**Work task**
Repeat the records below exactly from the line containing "New May Flower Hotel 7/32" to the line containing "COOK ISLANDS STAMP, 1967, 2c, FRANGIPANI", taking in both of those lines. Drop the pictures.

**Given data**
____________________

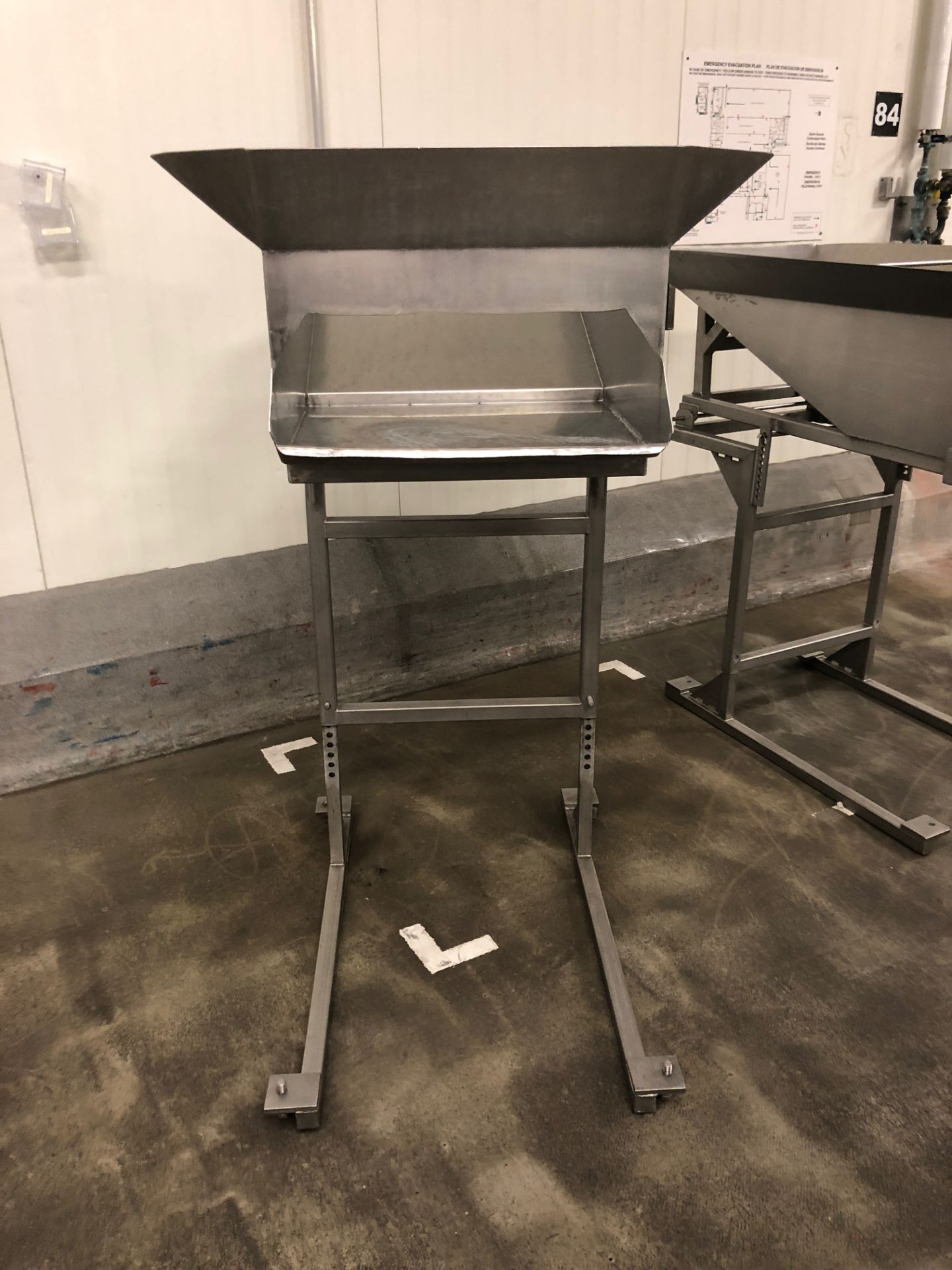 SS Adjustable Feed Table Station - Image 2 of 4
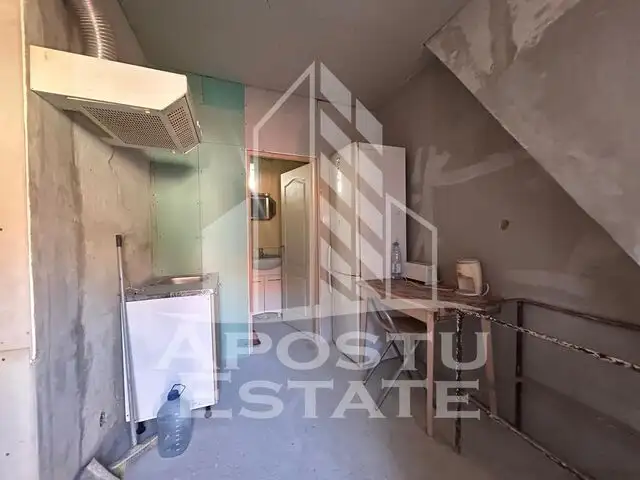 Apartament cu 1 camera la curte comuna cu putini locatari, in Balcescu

____________________

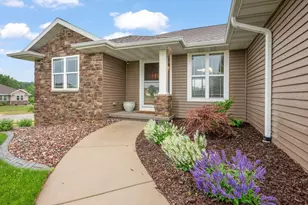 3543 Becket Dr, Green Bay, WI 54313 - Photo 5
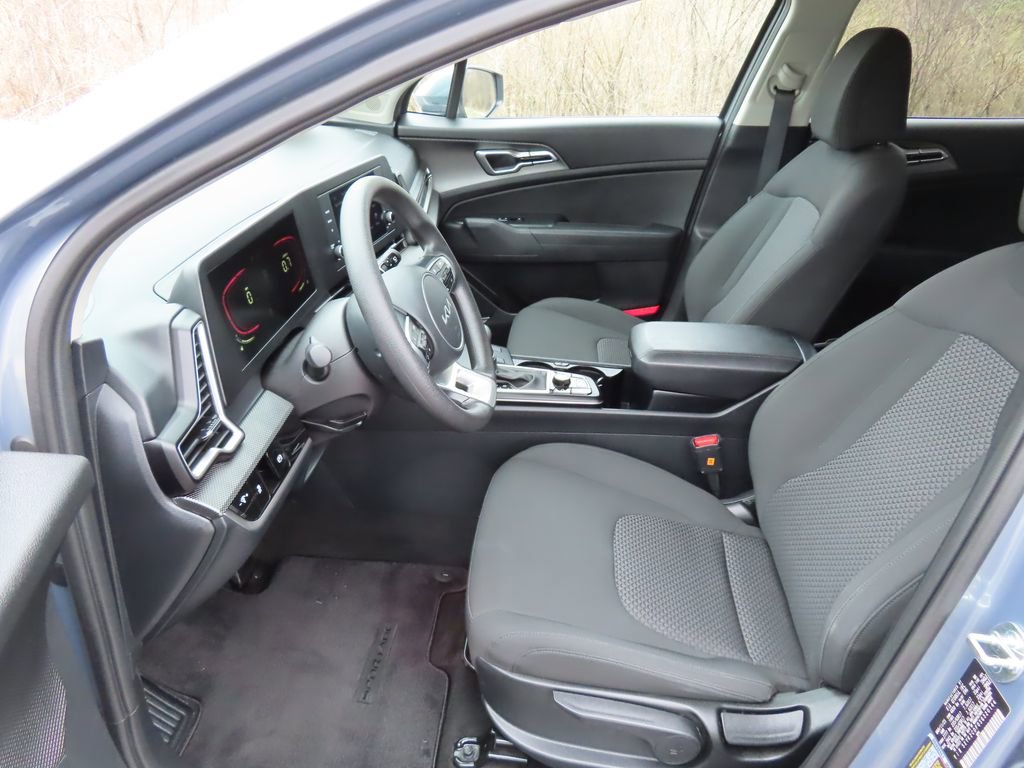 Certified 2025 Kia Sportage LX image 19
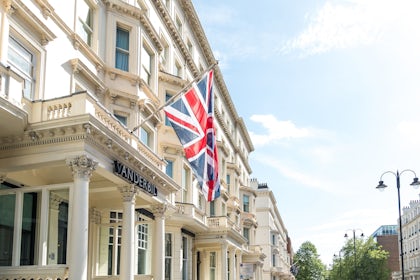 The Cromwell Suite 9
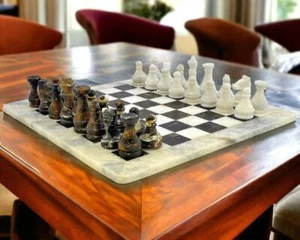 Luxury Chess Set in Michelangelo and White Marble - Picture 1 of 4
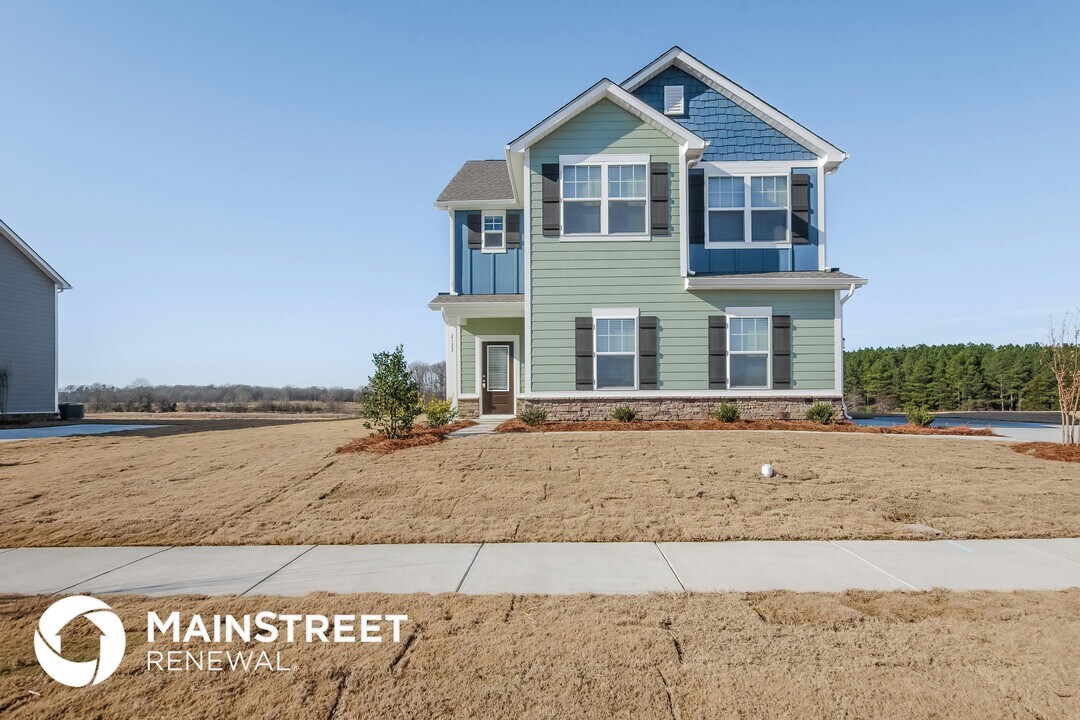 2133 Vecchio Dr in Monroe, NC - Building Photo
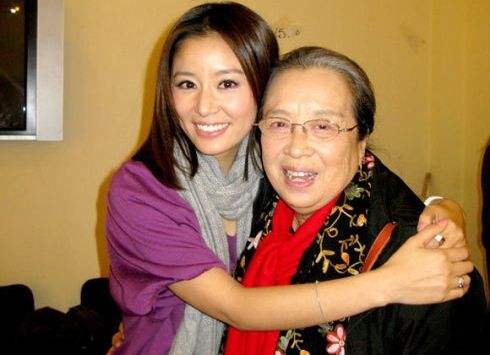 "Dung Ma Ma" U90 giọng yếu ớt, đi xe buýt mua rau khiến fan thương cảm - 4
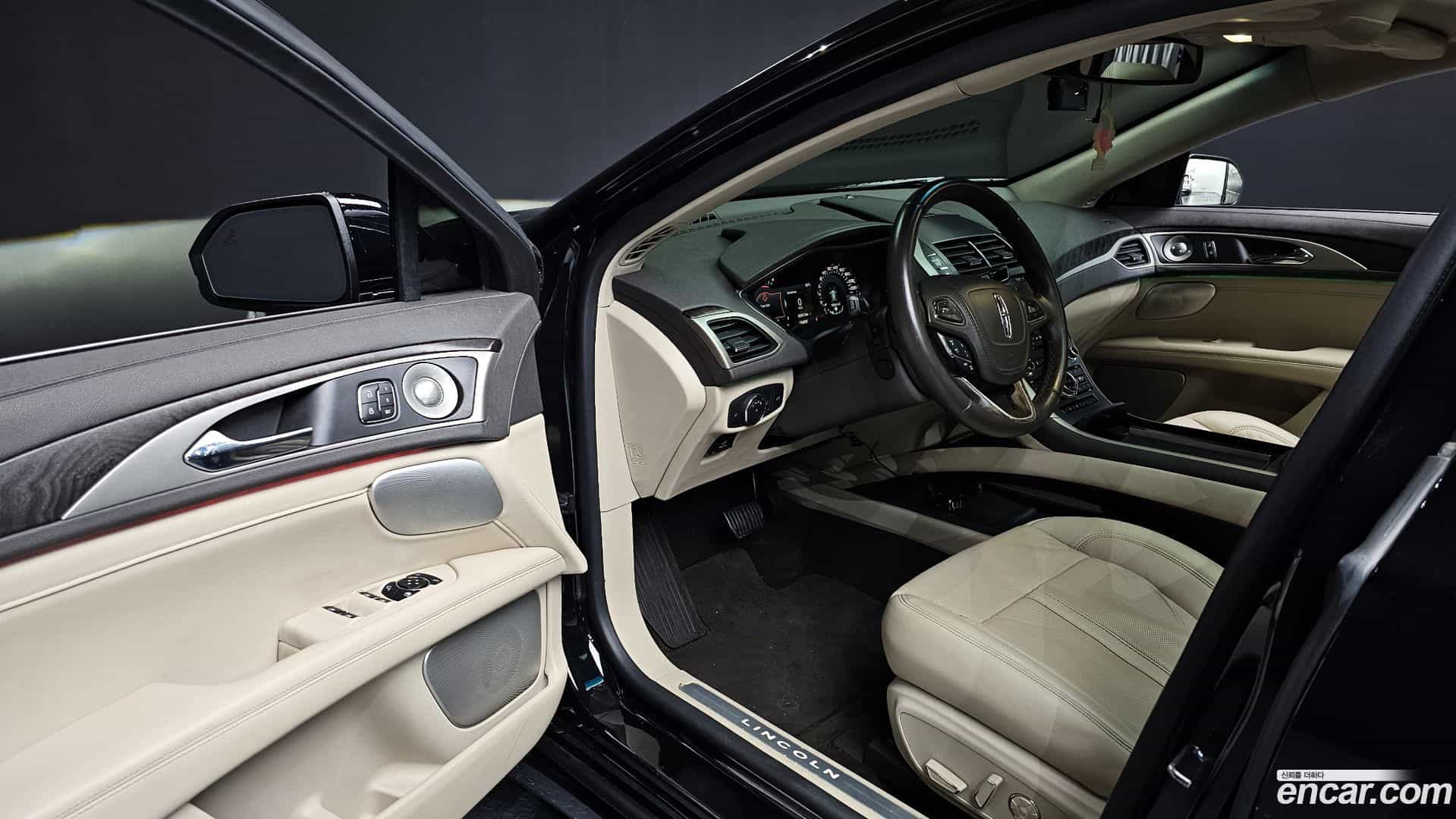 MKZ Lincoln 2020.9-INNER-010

____________________

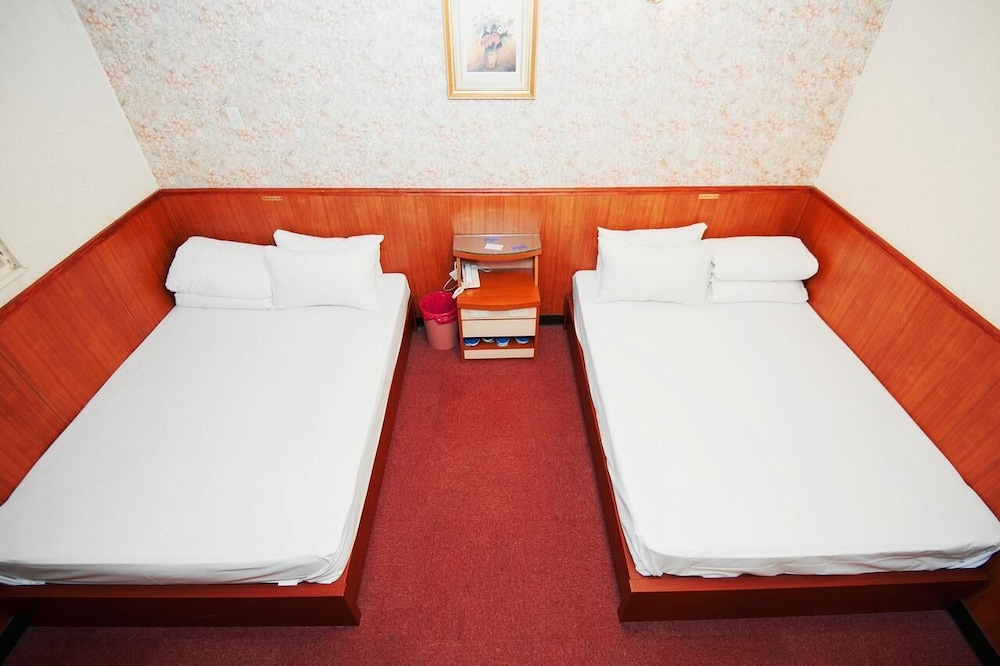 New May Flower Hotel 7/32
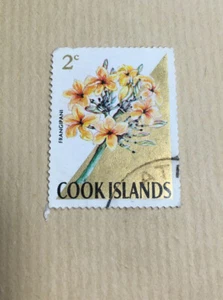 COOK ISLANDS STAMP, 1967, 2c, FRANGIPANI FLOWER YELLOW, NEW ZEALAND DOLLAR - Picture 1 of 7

____________________

**Worked solution**
 New May Flower Hotel 7/32
 COOK ISLANDS STAMP, 1967, 2c, FRANGIPANI FLOWER YELLOW, NEW ZEALAND DOLLAR - Picture 1 of 7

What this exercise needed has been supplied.